About this task: When you retype the records that follow, keep each word as it is and drop any pictures.

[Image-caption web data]
---

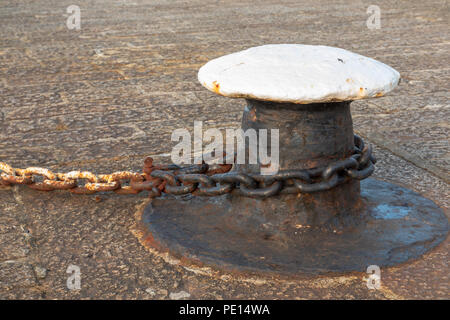 Mooring bollard with rusty chain fastened around it on a quay in a harbour Stock Photo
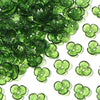Green resin flower bead caps scattered on a white background for jewelry making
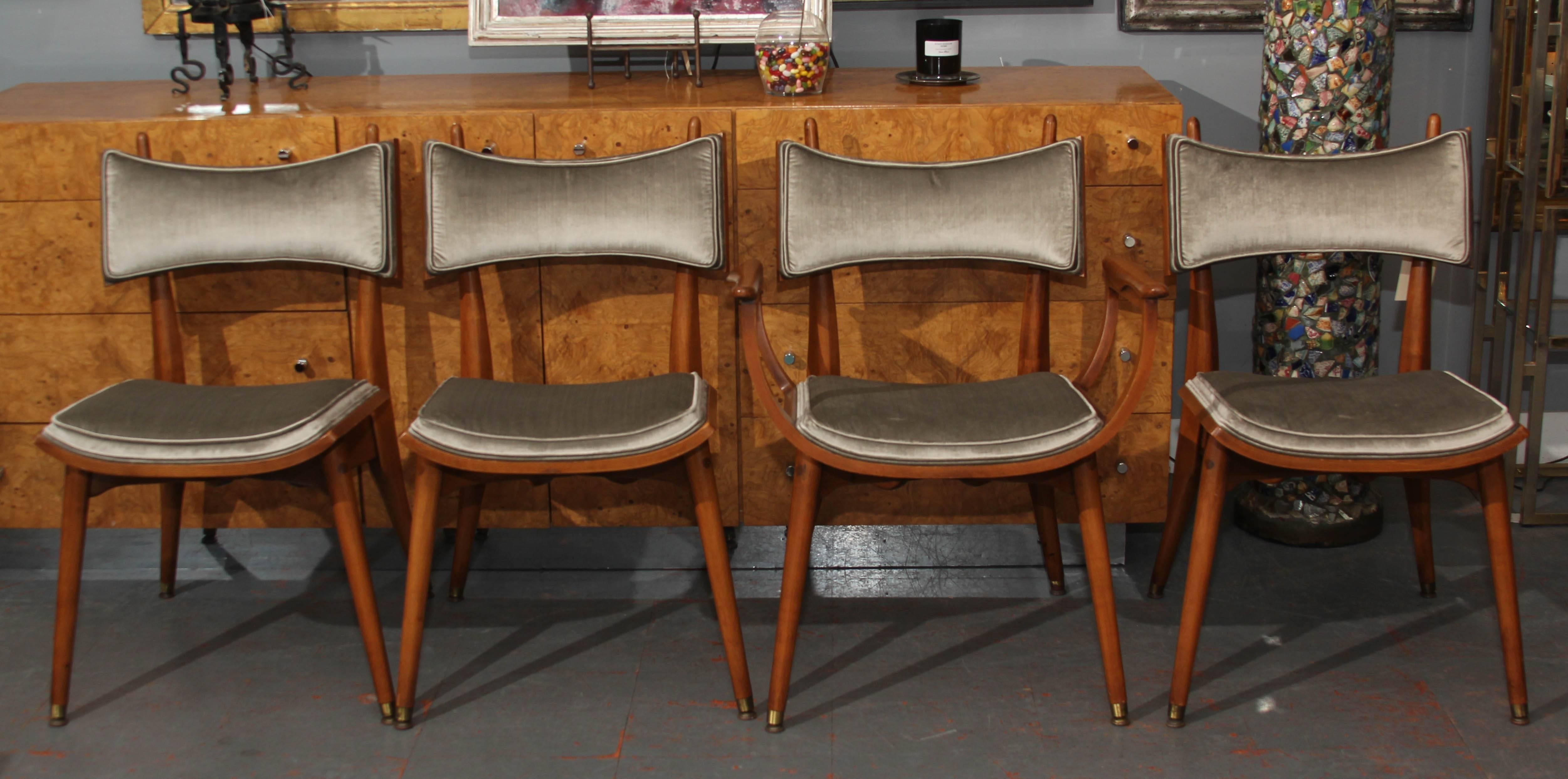 Great set of four wood frame chairs in pearl grey silk velvet. One armchair, three armless. Comfortable with great lines, perfect for dining or as side chairs. Handsome from every angle.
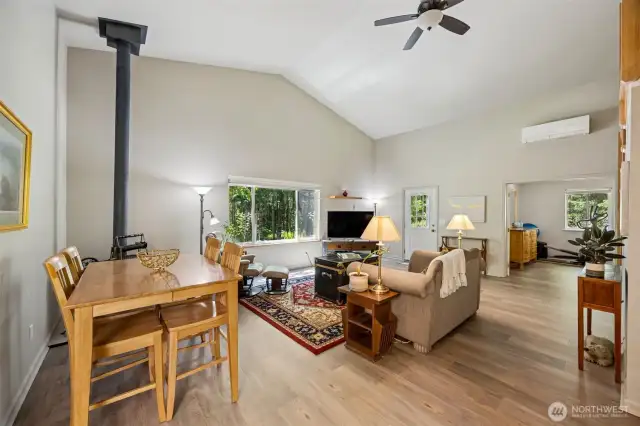 2nd Home - Living room shows ceiling fan and stove.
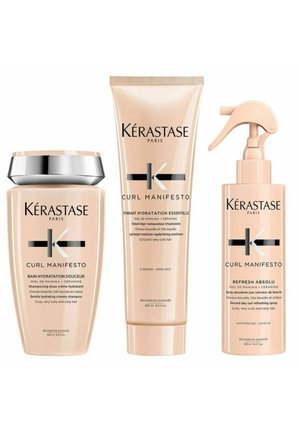 Three Kérastase Curl Manifesto products: a pale pink shampoo with a silver cap, a matching conditioner, and a leave-in spray with a trigger nozzle.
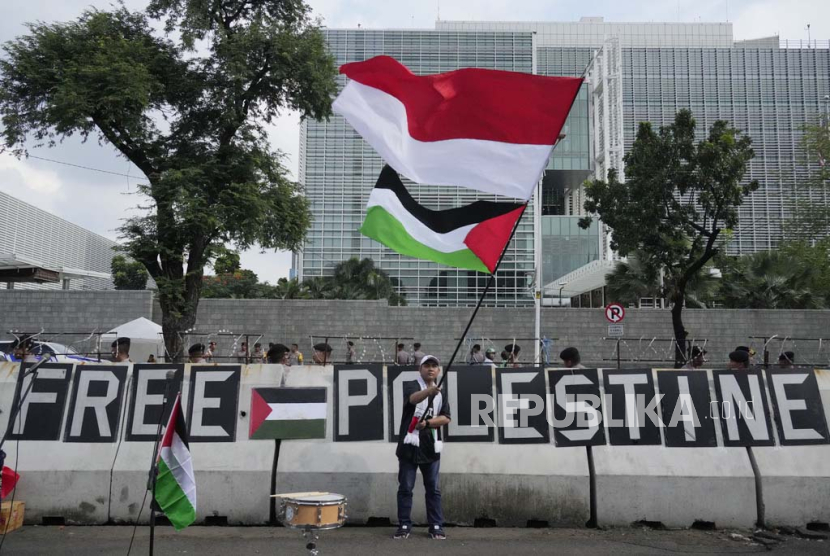 Para pengunjuk rasa mengibarkan bendera Palestina dan Indonesia saat unjuk rasa mendukung Palestina di luar Kedutaan Besar AS di Jakarta, Indonesia, Jumat, (19/4/2024).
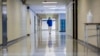 FILE - A middle school principal walks the empty halls of his school as he speaks with one of his teachers about her COVID-19 symptoms, in Wrightsville, Ga., Aug., 20, 2021. On Dec. 27, 2021, U.S. health officials cut isolation restrictions for Americans 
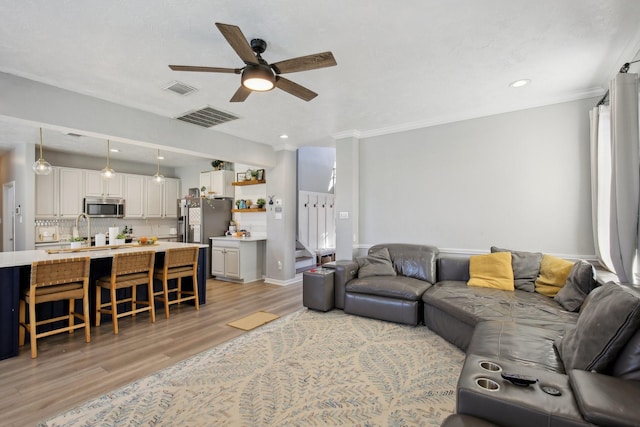 living area with a ceiling fan, visible vents, light wood-style flooring, and stairs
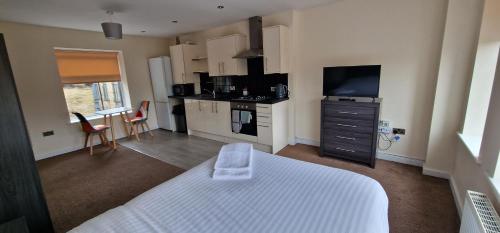 a bedroom with a white bed and a kitchen at PENTHOUSE SELF CHECK in APARTMENT IN CENTRAL HALIFAX in Halifax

---

Answer section:
 Mooring bollard with rusty chain fastened around it on a quay in a harbour Stock Photo
Green resin flower bead caps scattered on a white background for jewelry making
 Great set of four wood frame chairs in pearl grey silk velvet. One armchair, three armless. Comfortable with great lines, perfect for dining or as side chairs. Handsome from every angle.
 2nd Home - Living room shows ceiling fan and stove.
 Three Kérastase Curl Manifesto products: a pale pink shampoo with a silver cap, a matching conditioner, and a leave-in spray with a trigger nozzle.
 Para pengunjuk rasa mengibarkan bendera Palestina dan Indonesia saat unjuk rasa mendukung Palestina di luar Kedutaan Besar AS di Jakarta, Indonesia, Jumat, (19/4/2024).
 FILE - A middle school principal walks the empty halls of his school as he speaks with one of his teachers about her COVID-19 symptoms, in Wrightsville, Ga., Aug., 20, 2021. On Dec. 27, 2021, U.S. health officials cut isolation restrictions for Americans 
 living area with a ceiling fan, visible vents, light wood-style flooring, and stairs
 a bedroom with a white bed and a kitchen at PENTHOUSE SELF CHECK in APARTMENT IN CENTRAL HALIFAX in Halifax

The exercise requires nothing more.